Needless to say, the guy thought that was pretty cool and hung around watching me land five more, all over 5 pounds. [smiley=popcorn2.gif] If he’d been an angler, I’d have been less enthused about the company, but since he wasn’t, I didn’t mind and he took a couple of pictures for me, including the biggest bass of all, this one that probably exceeded 7 pounds. [smiley=thumbsupsmileyanim.gif]











When it started to rain, I headed back to the truck after only about 45 minutes of fishing. But in that time, I landed nine bass, seven of which were over 5 pounds. As for the other two fish, one was about 2 pounds and the other about 4. For a cold, dreary afternoon, I sure was feeling all warm and fuzzy after such a hot bite! [smiley=supercool.gif]


----------



## tom_in_orl (Dec 9, 2006)

Nice fish. I am still amazed that spot produces so well.


----------



## skinny_water (Jun 11, 2008)

Nice fish. They got some meat on them!


----------



## HaMm3r (Dec 11, 2006)

> Nice fish. I am still amazed that spot produces so well.


I know. It's something else, isn't it?  All I can say is that they better stop harassing me or I'm gonna start relocating everything I catch from there to my private pond. That'll teach em! ;D



> Nice fish.
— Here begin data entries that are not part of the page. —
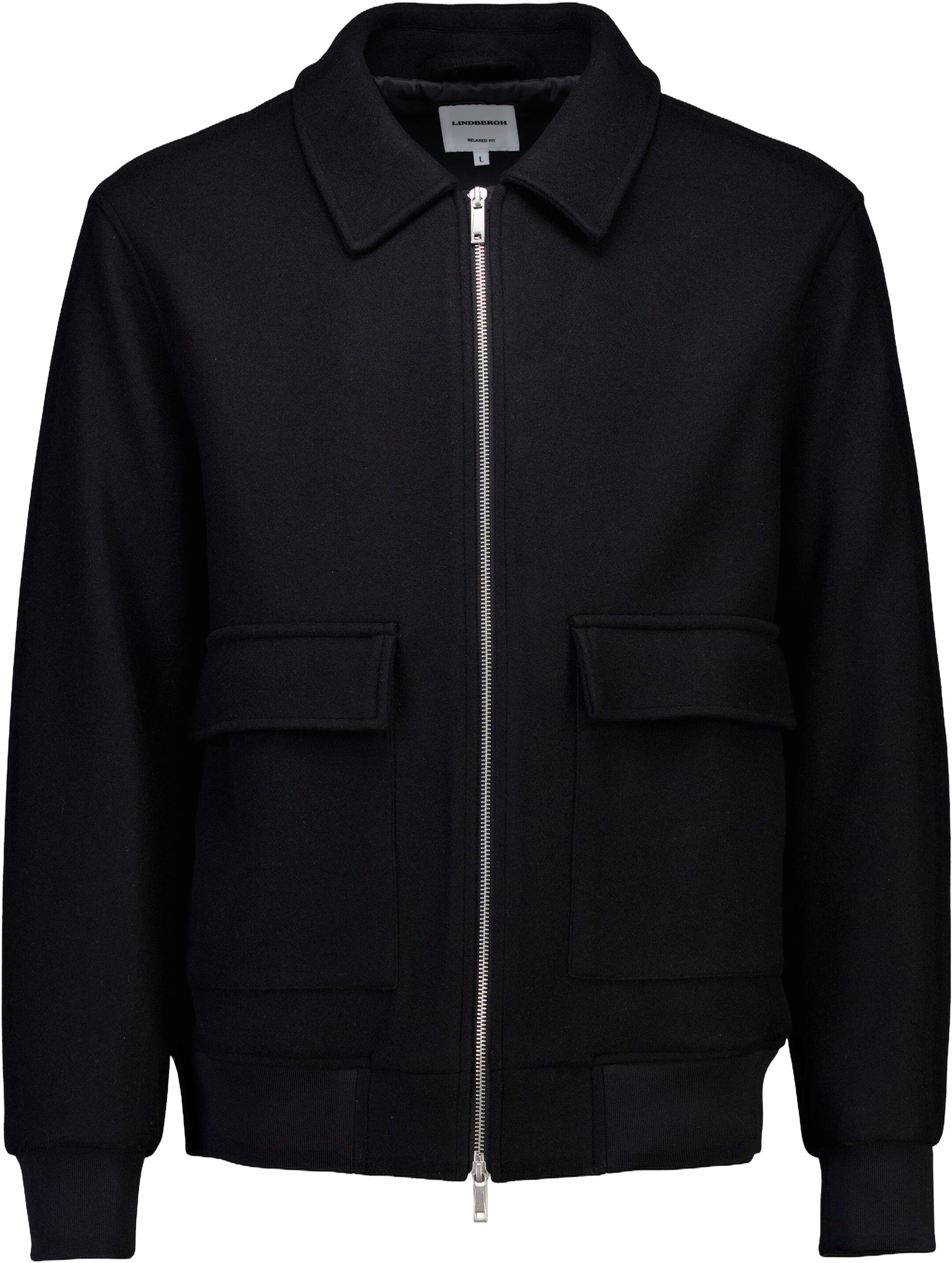 Wool look zip-through jacket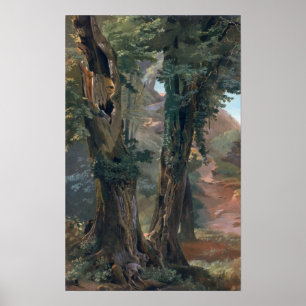 Poster Vieux ormes, c.1835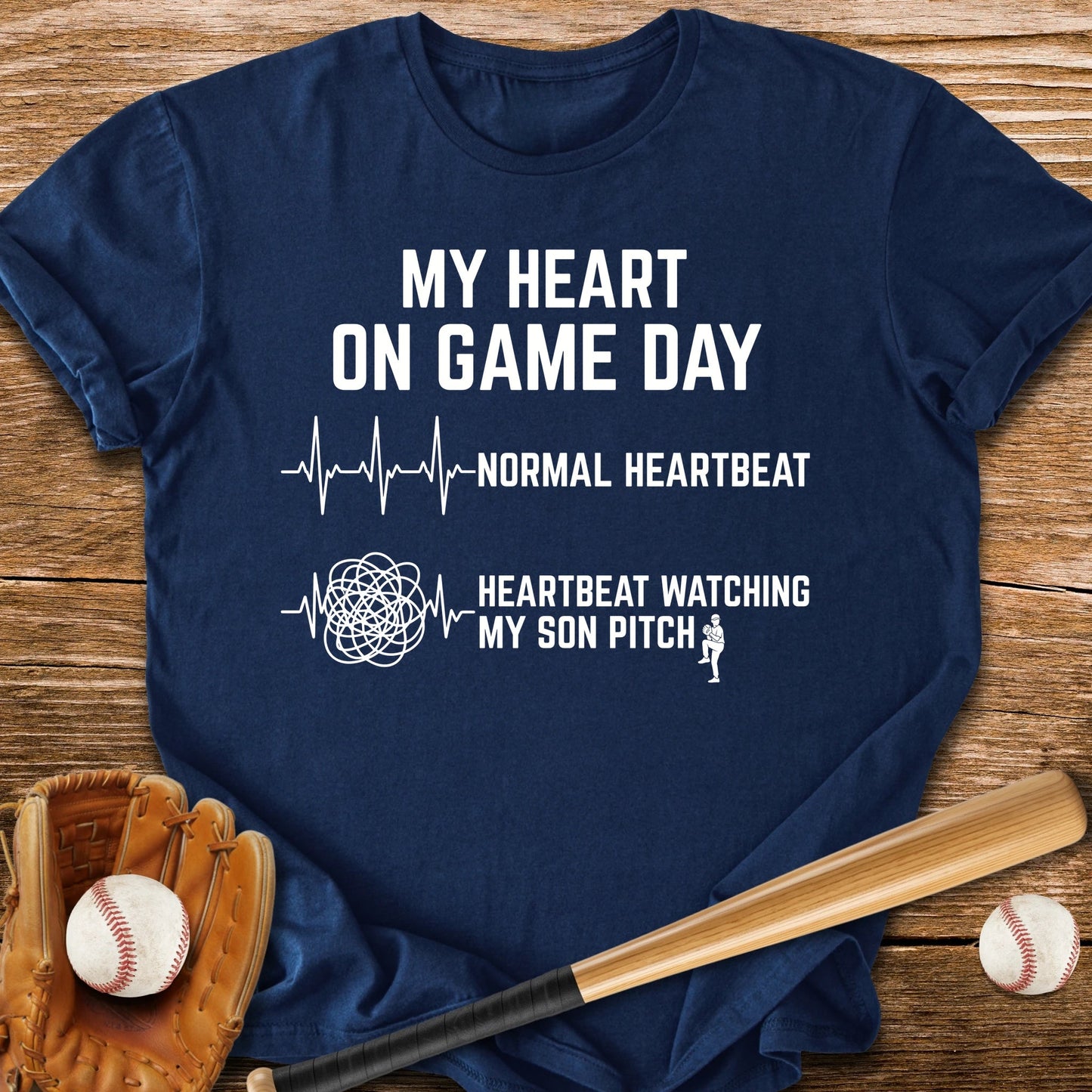 Son Pitch Races My Heart - HomeRun PrintsT-Shirt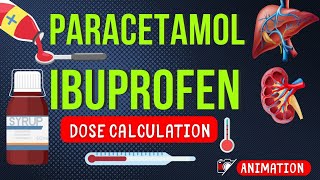 PARACETAMOL amp IBUPROFEN SUSPENSION  SYRUP  DOSE  FEVER  PEDIATRICS [upl. by Lenej]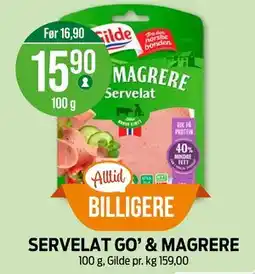 Kiwi SERVELAT GO’ & MAGRERE tilbud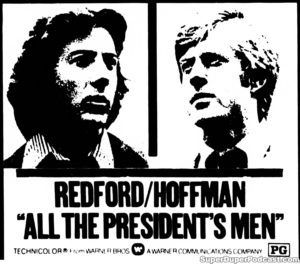 ALL THE PRESIDENT'S MEN- Newspaper ad. August 11, 1976.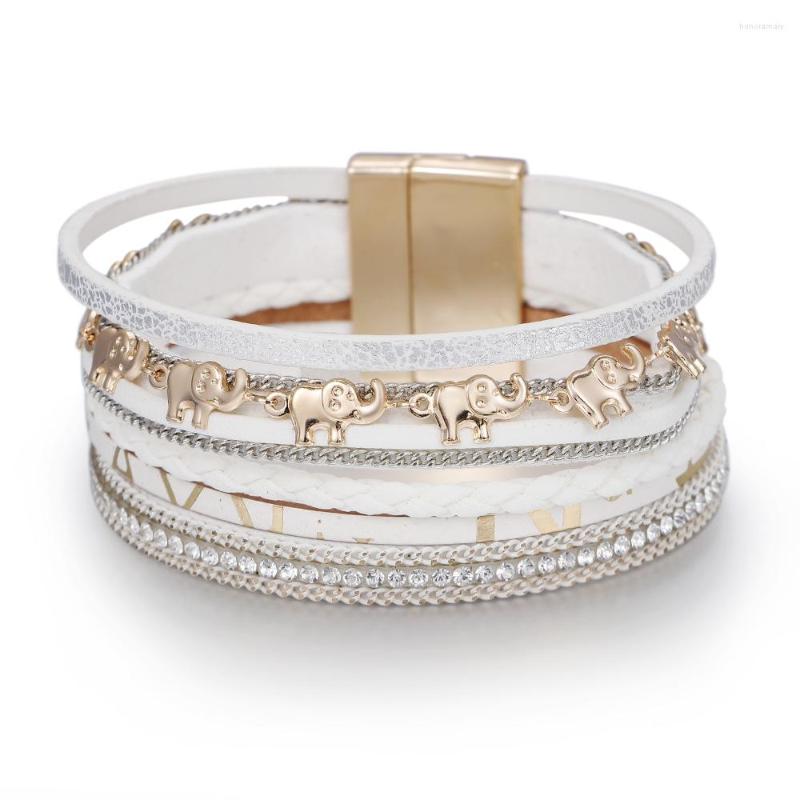 Charm Bracelets ZG Charms Bracelet For Women Trending Products Leather Multi-Layer Woven Small Elephant Pendant Magnetic Buckle Female
Charm Bracelets ZG Charms Bracelet For Women Trending Products Leather Multi-Layer Woven Small Elephant Pendant Magnetic Buckle Female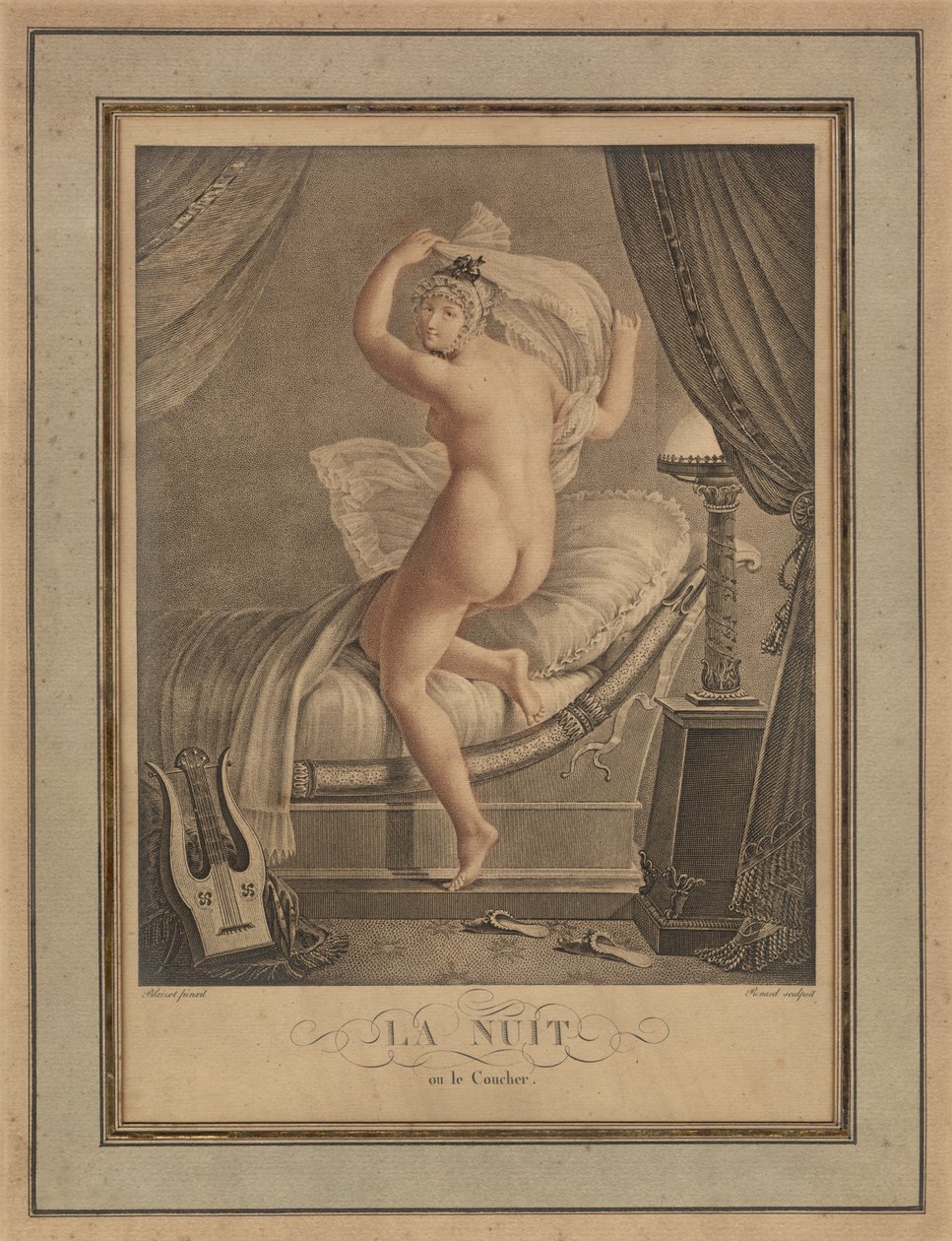 The Night, Paris, c.1815 (rytina) od Unbekannter Künstler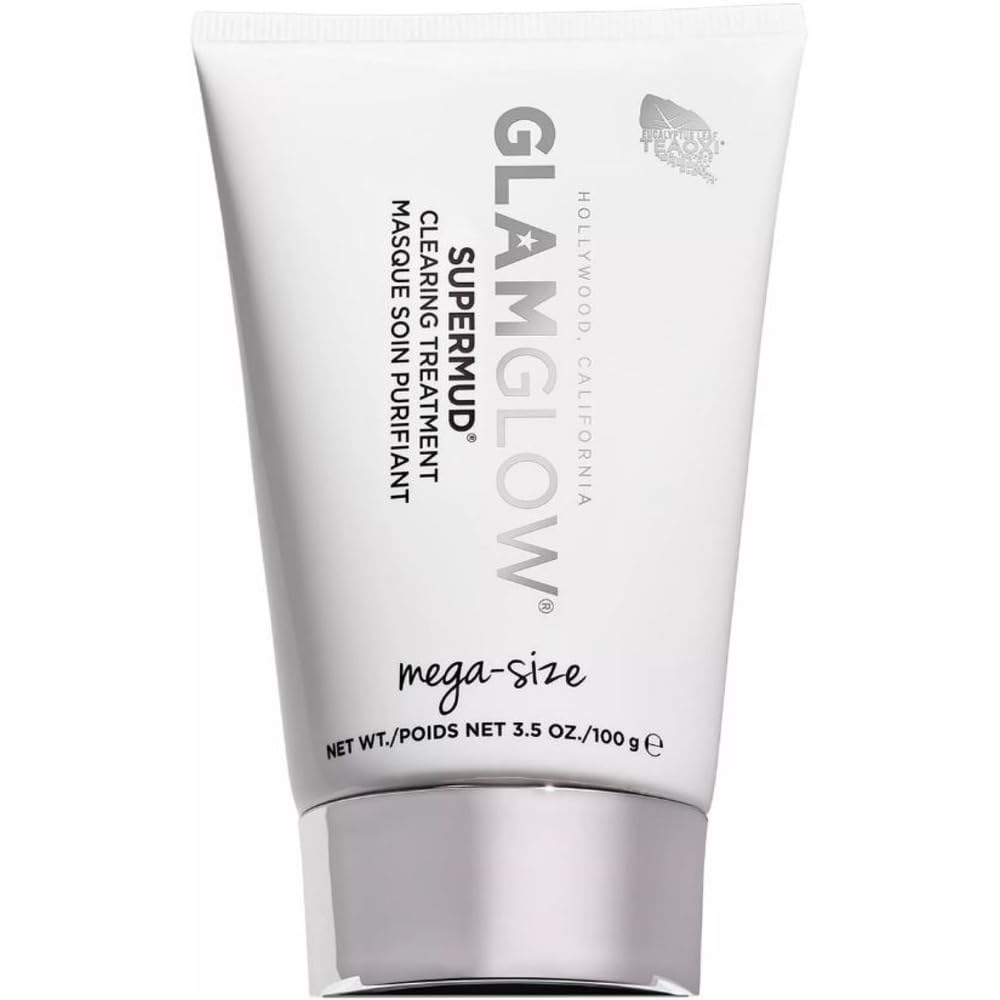 Glamglow SUPERMUD® Instant Clearing Treatment Mask - Deep Pore Cleansing & Blackhead Removal for Acne-Prone Skin | Perfect for Nighttime Skincare Routine & Pre-Makeup Prep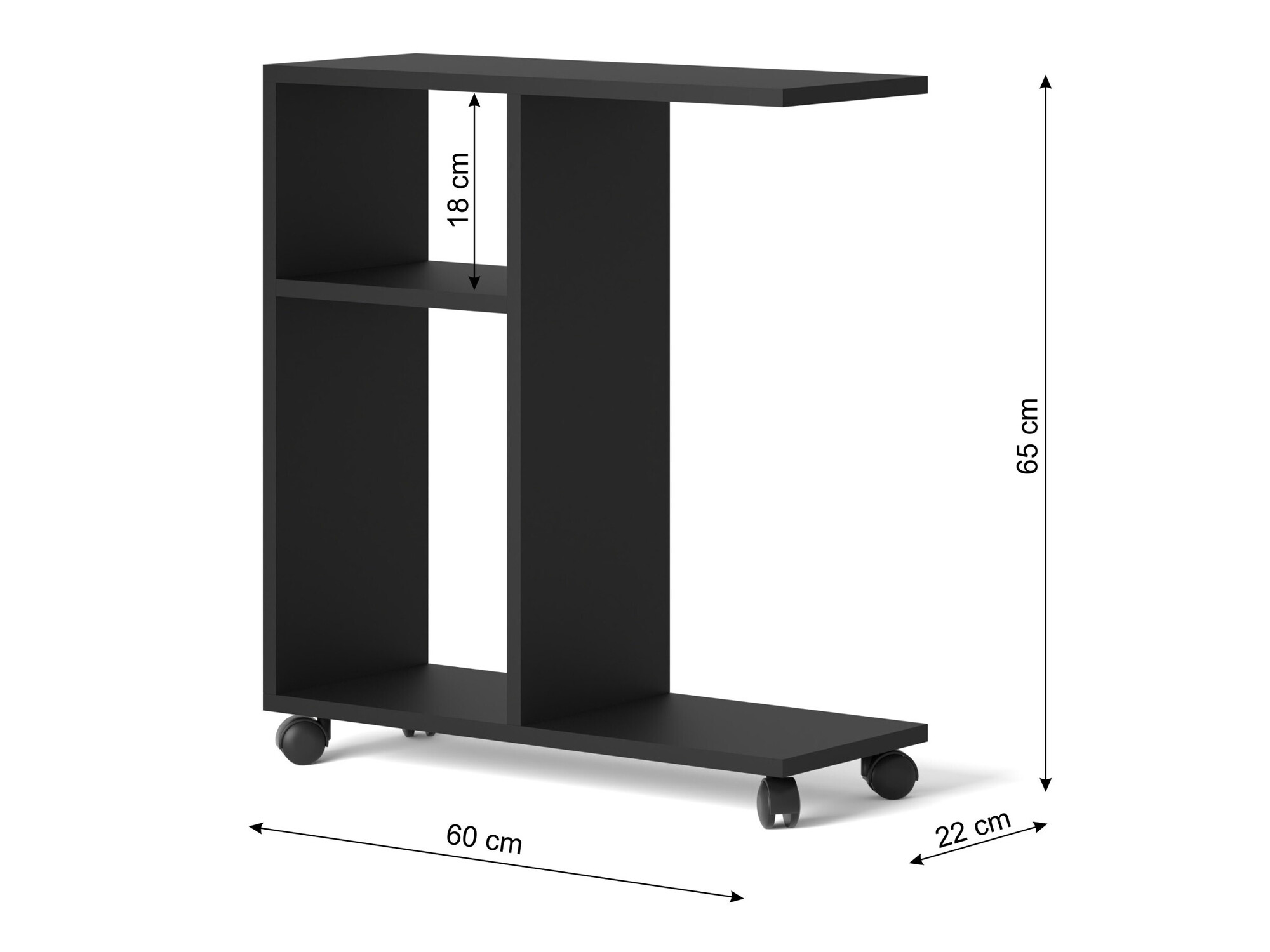 Bijzettafel Buffalo 141 (Matzwart)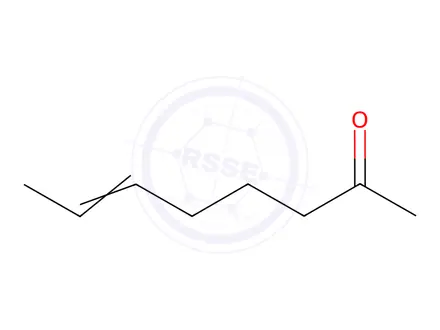 Chemical structure of 6-Octen-2-one
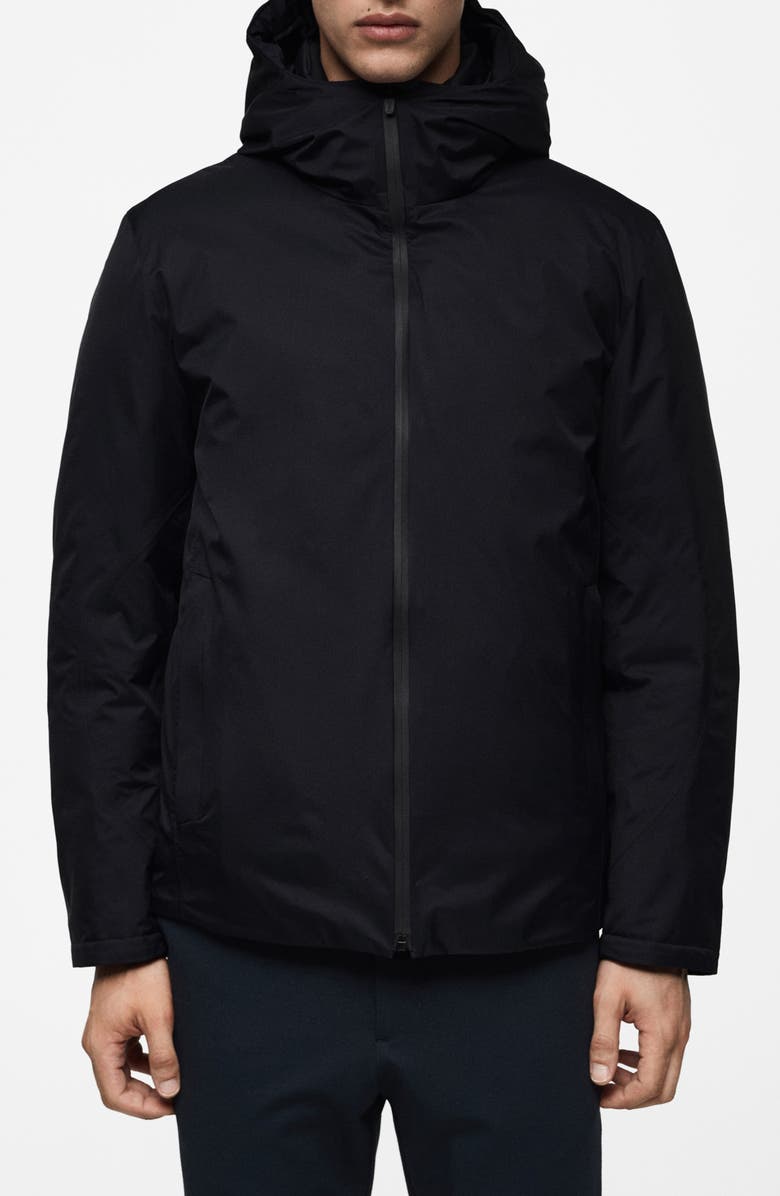 MANGO Thermoregulating Waterproof Hooded Jacket, Main, color, 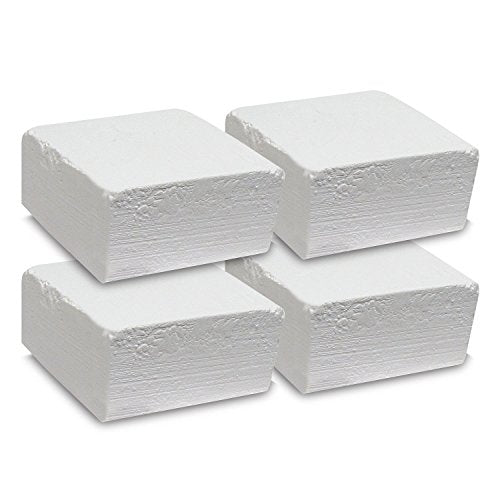 SPRI Chalk Block, 2oz. (4 Pack) for Gymnastics, Rock Climbing, Bouldering, Weight-Lifting,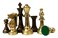 StonKraft Collectible Green Marble Chess Board Set  Brass Crafted Pieces Pawns  Decorative Stone Chess  Home Dcor  20 Inches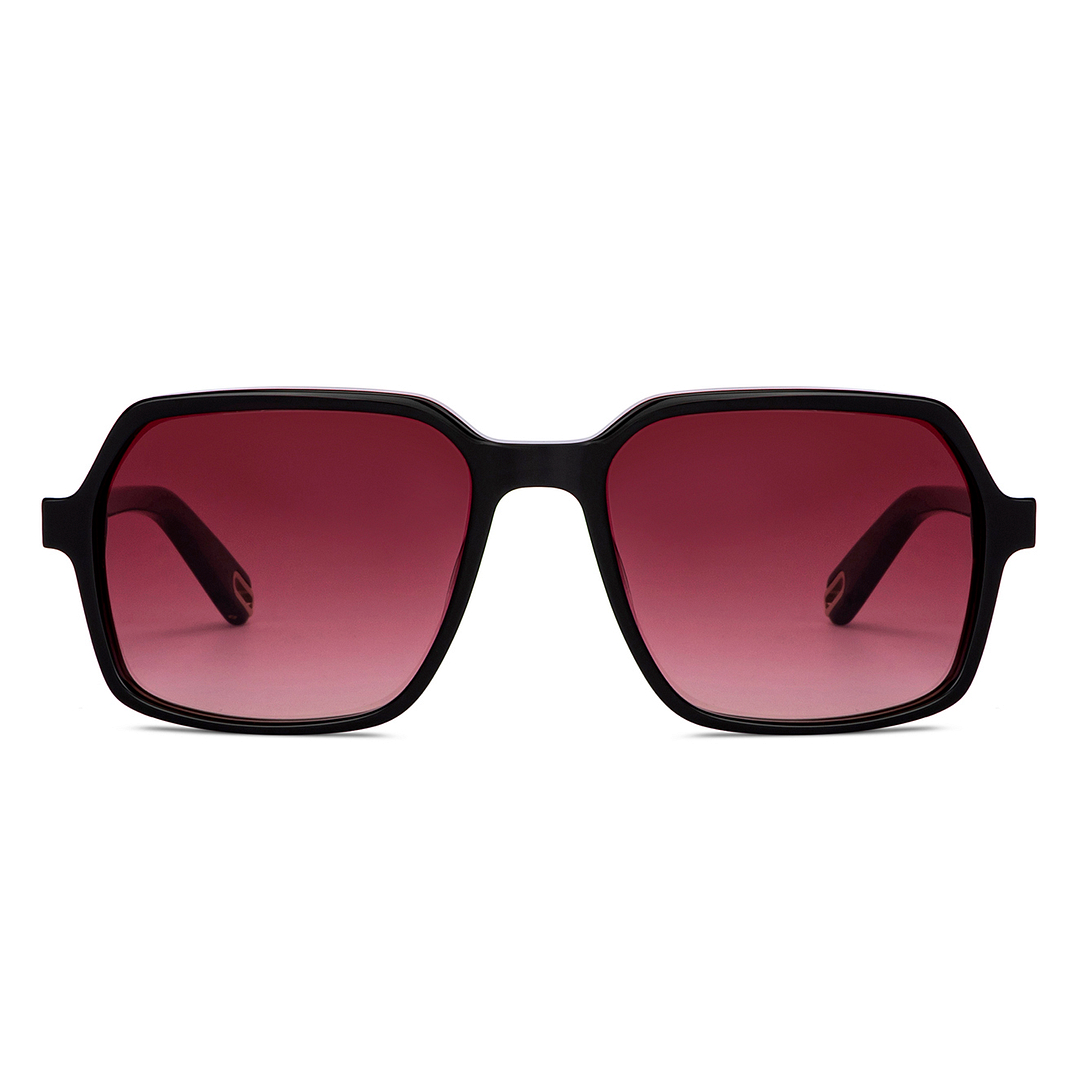 John Jacobs Online Black Full Rim Square left side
They got some meat on them!


They might have been meaty, but they didn't get eaten. All released as usual.


----------



## TomFL (Oct 2, 2007)

Wow! Nice bass. Sounds like a good honey-hole. Best kept a secret!

-T


----------



## Flyline (Mar 3, 2008)

Man U're killing me! I wish I can have all the free time to fish! Good Job!


----------



## mark_gardner (Mar 18, 2009)

your killing me too man , seriously, are you fishing a stocked private pond or what?? catching that amount of decent bass in such a short time is the stuff i use to hear about way back in the day  thats some dang nice bass catching you've done there  , congrats [smiley=1-beer.gif]


----------



## Big_Fish (Dec 10, 2006)

Very nicley done I am truly envious 
I will attempt to macth that tomorrow


----------



## Captain_Shane (Mar 27, 2007)

Wow  Ya killin em'. Nice pics!


----------



## newbie_dave (May 31, 2007)

Nice report and fish Hammer!!


----------